# EXERCISE AIM
Set down without change every line from the line that contains "أصابع قدم لشخص بالغ مصابة بتقرح جلدي" through the end of the listing, and only those lines. No pictures.

# DATA PROVIDED
——————————

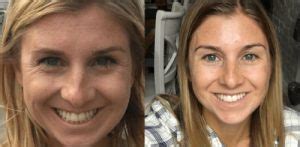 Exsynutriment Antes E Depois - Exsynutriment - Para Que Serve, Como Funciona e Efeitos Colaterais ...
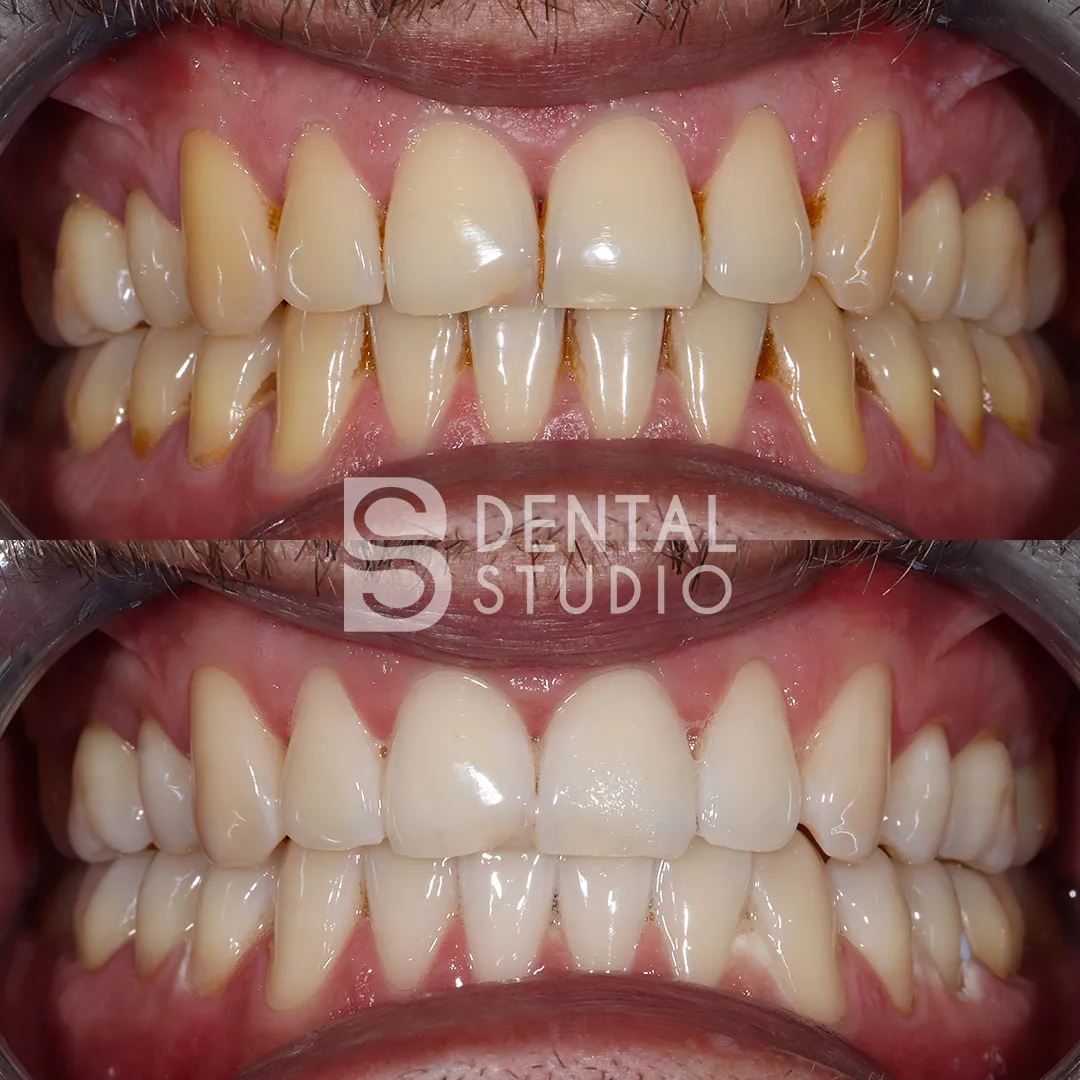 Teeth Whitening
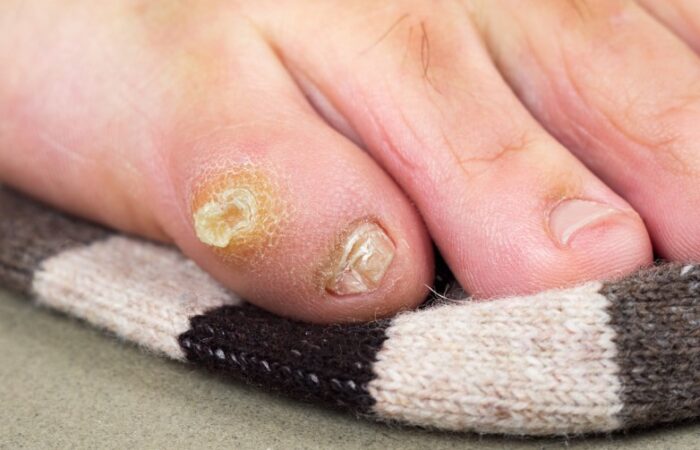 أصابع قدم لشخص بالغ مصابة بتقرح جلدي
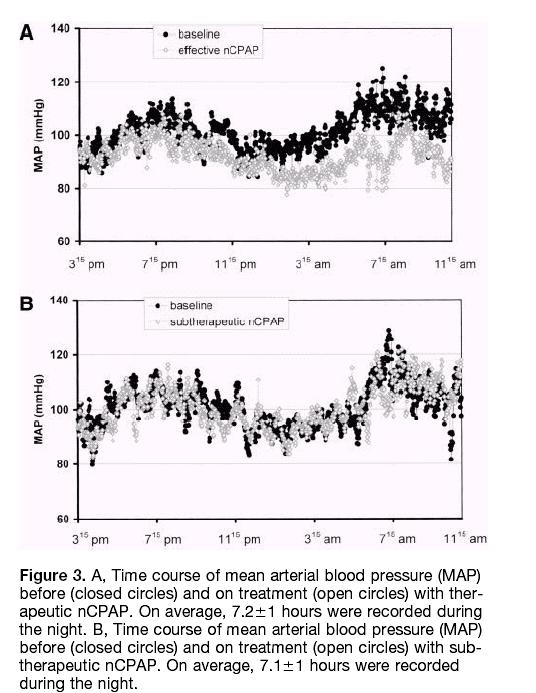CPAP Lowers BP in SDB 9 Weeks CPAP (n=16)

——————————

# RESULT FOR THIS EXERCISE
 أصابع قدم لشخص بالغ مصابة بتقرح جلدي
CPAP Lowers BP in SDB 9 Weeks CPAP (n=16)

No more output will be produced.